月淺棲一愣,抬頭看了他一眼,淺淺一笑,不置可否。
白景說的話,她其實是認同的,就比如她看到晏嬌嬈的回答時會那么失望的原因,就是這個。
越是喜歡,就越會成為弱點。而端坐那個王座的人,最不需要的就是弱點。
想著,月淺棲無奈一笑,她希望別人做到,可她自己,卻做不到。
沉默間,馬車突然猛的停了住,月淺棲身子一下子抵在了車壁上,還沒回過神,身上就被壓了個人。
“嘶,痛死本公子。”白景一手撫著撞到了的腦袋,眉頭皺在了一起,可憐兮兮的看著月淺棲。
月淺棲扯扯嘴,抬腿就要踹開他,卻被白景按了住,似笑非笑道:
“大內殺手。師妹,猜猜那國的?”
“嘖,我的命越來越值錢了。”月淺棲一愣,淡淡說著,伸手推開他,一閃出了車外。
此事,虞娘雙手執劍,站在車門前,眼瞳凌厲的看著四周的八個黑衣人,面色慎重。
瞥見月淺棲,虞娘頓時皺了皺眉。
“八個人。”月淺棲拍了拍虞娘的手,安慰了一下她,掃向將馬車包圍住的八個黑衣人。
從這八人散發出的氣息以及衣服上的圖騰,月淺棲肯定了白景的說法,確實是各國皇宮中培養的殺手,只是,看不出是哪國的。

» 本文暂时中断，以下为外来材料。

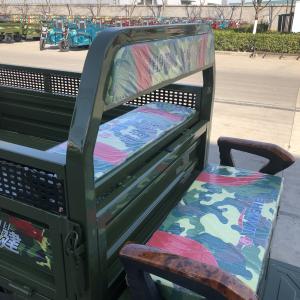 Electric Dump 1 Ton 800 Watt Adult Cargo Tricycle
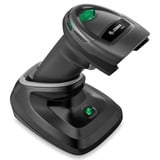 Zebra DS2278-SR7U2100PRW no categorizado, Escáner de código de barras negro
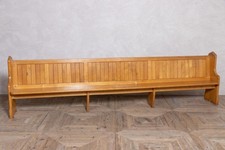 Solid english oak for sale  BURNTWOOD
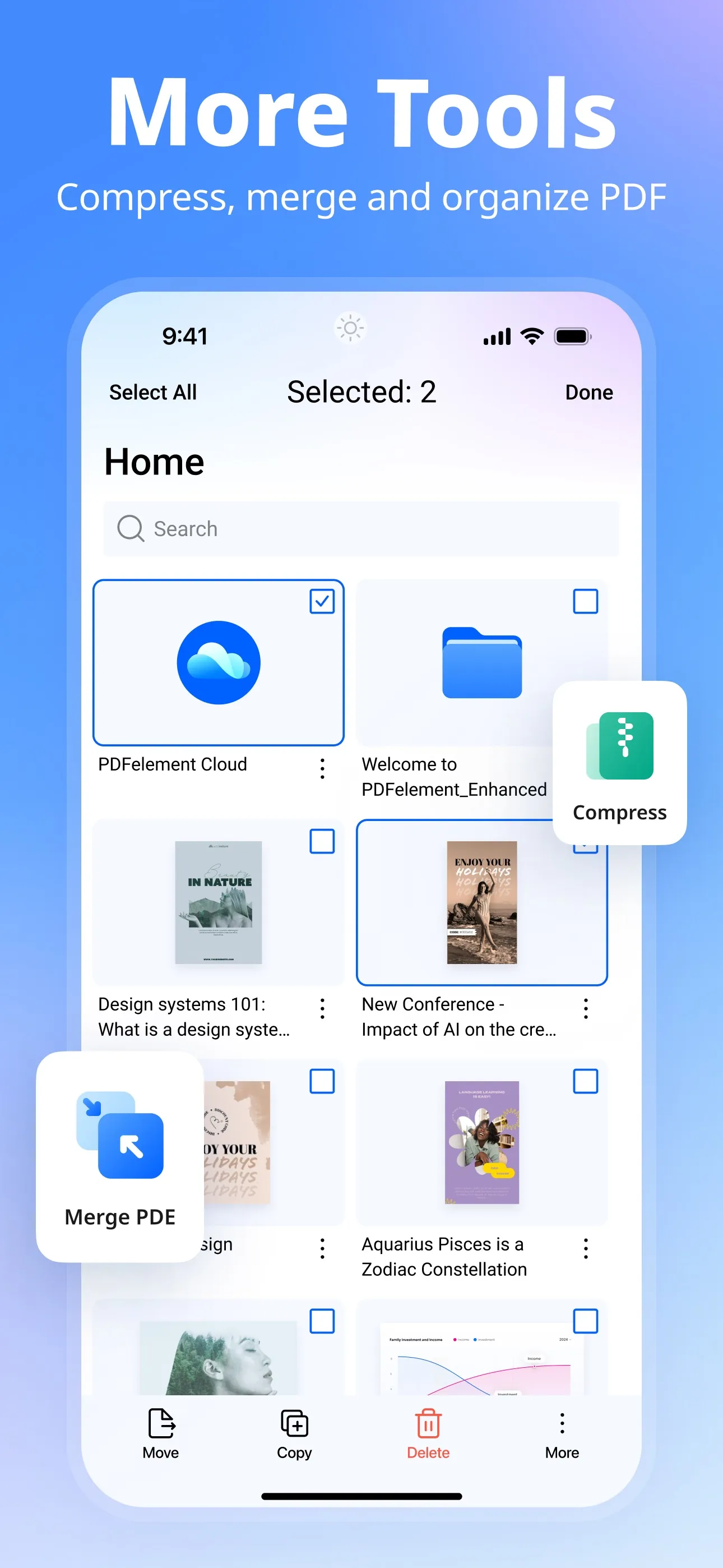 PDFelement: PDF Editor, Viewer iphone screenshot 9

“幽國這個層的殺手不會有這么多。”白景此時也悠悠鉆了出來,鳳眼中帶著一貫的輕蔑。
月淺棲沒來得及回話,早已虎視眈眈的殺手們便已經沖了過來,出鞘的長劍劃出一道道冷光,在紛飛的雪中竟有一絲唯美。
“小姐,你切莫離我太遠。”虞娘眼瞳一凝,側頭對月淺棲說了一句,便轉身對付起了迎面而來的殺手。
虞娘武功很高,白景一直都知道,但見她一個人對付四個人任然不落下風時,還是挑了挑眉。
刀劍紛飛,劍芒比之雪花更冷,虞娘墨綠色的身影在殺手中模糊不清,過快的動作和招式全然讓外人很難分辨誰是誰。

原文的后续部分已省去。